[Top][All Lists]
[Date Prev][Date Next][Thread Prev][Thread Next][Date Index][Thread Index]
Re: [Gluster-devel] Crawling and indexing hardware
From: |
Krishna Srinivas |
Subject: |
Re: [Gluster-devel] Crawling and indexing hardware |
Date: |
Fri, 9 May 2008 15:37:40 +0530 |
On Fri, May 9, 2008 at 2:33 PM, Marcus Herou <address@hidden> wrote:
> Oooops. Didn't think of that with AFR. However I think Lucene always create
> new files when documents are flushed to disk so on commit basis there will
> be low imapact. But the scenario you're talking about will most definitely
> kick in when optimization of the index occurs. Hundreds of smaller files
> aggregates into bigger more compact files. Since Lucene cannot hold all
> smaller files in memory it will flush parts of the merge in "log" files
> which will trigger the case you're talking about.
>
> So basically the absolute worst case possible using GlusterFS with AFR would
> be to use it with a webserver access log right ?
>
> I think I will go for AFR when it comes to the billion small files since
> they are almost never updated but is there a smart way of updating big files
> in GlusterFS ?
What do you mean by smart way? are you referring to the unsmart way of
selfheal happening now? or just write()s
>> Do you plan to do any AFR (automatic file replication) ? If so,
>> consider that even a one-byte change to your "big index files" will
>> cause the /entire/ file to be AFR'd between all participating nodes.

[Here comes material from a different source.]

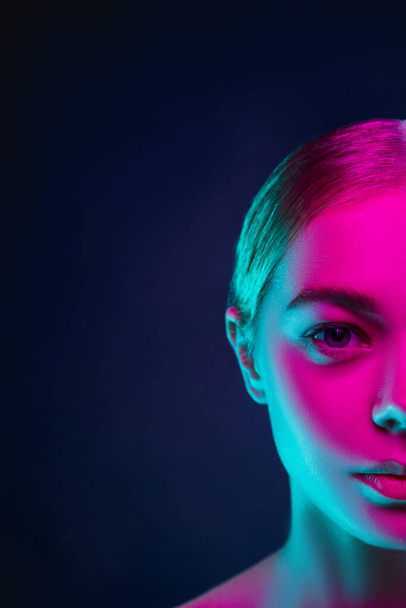 Portrait of female fashion model in neon light on dark studio background. - 写真・画像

Marcus, what do you mean by this?
Krishna
>
> Perhaps Gluster is a bad choice for Lucene indexing and I really need to go
> for having many cheap boxes with local disks instead.
>
> Kindly
>
> //Marcus
>
>
>
> On Fri, May 9, 2008 at 10:37 AM, Daniel Maher
> <address@hidden<address@hidden>>
> wrote:
>
>> On Wed, 7 May 2008 20:06:40 +0200 "Marcus Herou"

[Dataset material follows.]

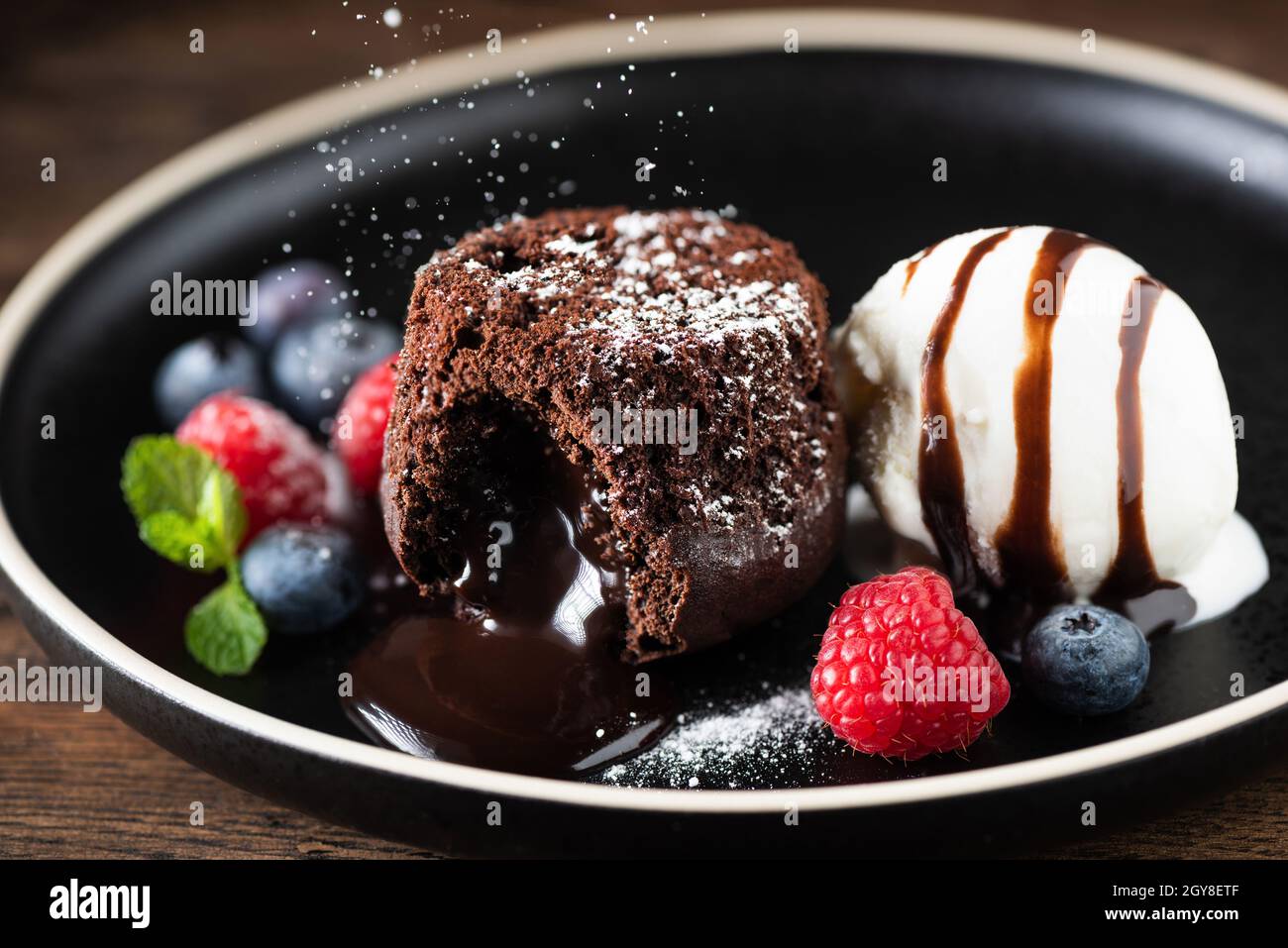 Torta al cioccolato fondente, torta di lava fusa con cucchiaio per gelato e bacche fresche sul piatto Foto Stock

>> <address@hidden> wrote:
>>
>> > 1. Big index files ~x Gig each
>> > 2. Many small files in a huge amount of directories.
>>
>> Do you plan to do any AFR (automatic file replication) ? If so,
>> consider that even a one-byte change to your "big index files" will
>> cause the /entire/ file to be AFR'd between all participating nodes.
>>
>> > Finally what tools would suite to test zillions of small files ?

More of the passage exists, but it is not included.